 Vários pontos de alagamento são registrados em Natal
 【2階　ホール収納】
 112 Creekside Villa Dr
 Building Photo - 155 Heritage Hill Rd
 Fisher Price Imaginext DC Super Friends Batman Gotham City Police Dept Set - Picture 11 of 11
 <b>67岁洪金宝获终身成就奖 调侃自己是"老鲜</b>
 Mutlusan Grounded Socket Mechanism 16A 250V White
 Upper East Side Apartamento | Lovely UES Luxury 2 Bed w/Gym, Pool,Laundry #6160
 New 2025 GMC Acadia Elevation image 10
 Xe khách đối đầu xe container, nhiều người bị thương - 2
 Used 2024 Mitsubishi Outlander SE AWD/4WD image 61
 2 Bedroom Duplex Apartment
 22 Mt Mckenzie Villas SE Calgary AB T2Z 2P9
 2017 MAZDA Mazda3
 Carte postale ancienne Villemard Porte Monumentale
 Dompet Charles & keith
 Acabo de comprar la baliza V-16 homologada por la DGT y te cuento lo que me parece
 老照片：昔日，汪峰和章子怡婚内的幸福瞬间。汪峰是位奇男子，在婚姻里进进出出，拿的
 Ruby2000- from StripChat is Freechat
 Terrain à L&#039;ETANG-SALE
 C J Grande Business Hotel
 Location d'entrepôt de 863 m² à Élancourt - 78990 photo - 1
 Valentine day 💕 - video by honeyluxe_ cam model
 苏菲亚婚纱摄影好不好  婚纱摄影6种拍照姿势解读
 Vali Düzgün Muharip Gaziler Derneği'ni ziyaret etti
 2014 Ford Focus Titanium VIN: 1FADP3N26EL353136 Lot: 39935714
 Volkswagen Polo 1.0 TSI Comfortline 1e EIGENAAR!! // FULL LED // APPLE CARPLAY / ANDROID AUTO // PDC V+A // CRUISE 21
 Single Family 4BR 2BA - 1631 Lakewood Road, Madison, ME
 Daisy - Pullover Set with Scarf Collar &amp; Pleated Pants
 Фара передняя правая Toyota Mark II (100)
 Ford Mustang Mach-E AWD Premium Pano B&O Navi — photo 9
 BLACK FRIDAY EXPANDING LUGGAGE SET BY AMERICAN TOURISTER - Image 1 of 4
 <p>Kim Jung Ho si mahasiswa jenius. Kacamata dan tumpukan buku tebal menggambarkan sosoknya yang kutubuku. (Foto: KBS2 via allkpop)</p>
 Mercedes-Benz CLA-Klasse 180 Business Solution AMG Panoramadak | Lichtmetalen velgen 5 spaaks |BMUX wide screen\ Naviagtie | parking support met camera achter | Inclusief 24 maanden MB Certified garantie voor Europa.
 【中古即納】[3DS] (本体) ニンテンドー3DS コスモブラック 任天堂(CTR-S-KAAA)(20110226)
###
▸ Directions for this task:
For the string "Business", find every line of the material that contains it, and copy each one.

▸ Result of the exercise:
 C J Grande Business Hotel
 Mercedes-Benz CLA-Klasse 180 Business Solution AMG Panoramadak | Lichtmetalen velgen 5 spaaks |BMUX wide screen\ Naviagtie | parking support met camera achter | Inclusief 24 maanden MB Certified garantie voor Europa.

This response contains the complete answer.